TURNPIKES AND CANALS

The road between the great cathedrals of Worcester and Lichfield, a part-Roman way called 'one of the four great roads of England' in medieval times, went through Aston. Roads from Birmingham to Walsall and Wednesbury bracketed Lozells Wood. Being wholly unmade and grudgingly mended, they were directions of difficult travel rather than highways. As Birmingham's importance as a market and manufac-turing town grew, so the wear on approach roads increased.

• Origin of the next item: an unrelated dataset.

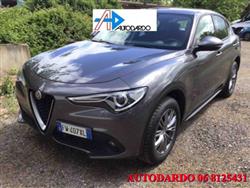 ALFA ROMEO STELVIO 2.2 Turbodiesel 190 CV AT8 Q4 Business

In Aston, bedded on sandstone beneath gravelly drift, they were less subject to boggy impassibility than were the clay ways of Arden to the south, but steep holloways were worn into every slope and the uneven roadbeds were in places too narrow for waggons to pass each other.

These obstacles to trade and travel led to the setting-up in 1726 of Turnpike Trusts for five of the main routes out of the town, including the Wednesbury and (Old) Walsall Roads. The latter went by way of Soho Hill and Hamstead Road: a tollgate and house were erected at the Hamstead Road/Villa Road junction. (The present building on the site is still called Tollgate House). For half a century there was no great improvement in the state of the roads, which were merely levelled and ditched. But then, under threat from canal flyboat services, the Trusts began to improve their turnpikes: re-alignment, grading, and proper road-making on MacAdam's principles were undertaken.

Travel along the Lichfield Road was hindered by the ford on Aston Brook. There was no bridge until the County built one in 1792, fifteen years before the route was turnpiked. The road was then much improved: tollgates were set up at Aston Cross and Cuckoo Lane. The New Walsall Turnpike was made in the heyday of the fast, light stage-coach, 1830, along Newtown Row and Birchfield Road. Now Aston had good communications with the ever-growing town. Within a few decades the formerly frequent coaches had been supplanted by penny-a-mile fast trains.

In 1790 the completion of a brick-and-stone aqueduct across the Tame alongside Salford Bridges brought the Birmingham and Fazeley Canal into operation. Aston now had access by water to the Coventry Canal at Fazeley and thereon to the Trent & Mersey, the Oxford Canal, and the Thames. Through Birmingham there were links with the Mersey and the Severn. The Fazeley cut came from Cambrian Wharf on the then western edge of the town, descending 151 feet by way of 13 locks to Aston Road and 11 locks to Salford on the manor side of the Bourn valley.

A feeder near Wharf Street tapped the brook. Each of the single-gated narrow locks has a side-pond so that boats may pass, and excess water falls over semi-circular weirs to the pounds below. Two Wharf Streets in Aston (the northmost now called Jameson Street) indicate access to unloading points where the earthen bank was strengthened with timber piles. Because of the lockage into the Tame valley, it is unlikely that flyboats operated on the Aston part of the Fazeley Canal.

The brook was prone to flood and its valley was undrained, so for the first eighty years of the canal's use factory and warehouse building was confined to its west side. Water traffic increased in the mid l840s despite the opening of the Midland Railway, because the new Tame Valley Canal and the Birmingham & Warwick Junction Canal (neither in Aston) bypassed the congestion of the town cuts, and brought Black Country coal and iron to Aston, Ashted, and Digbeth factories, and there was a steady trade with London via the Warwick Canal. Windsor Street Gasworks in Duddeston was to be fed by the Fazeley cut from the '50s. Three short branches were later made across Aston Brook north of Holborn Hill to what was incorrectly called Bloomsbury Wharf (Bloomsbury was a Duddeston housing development), to distinguish it from Aston Wharf on Lichfield Road.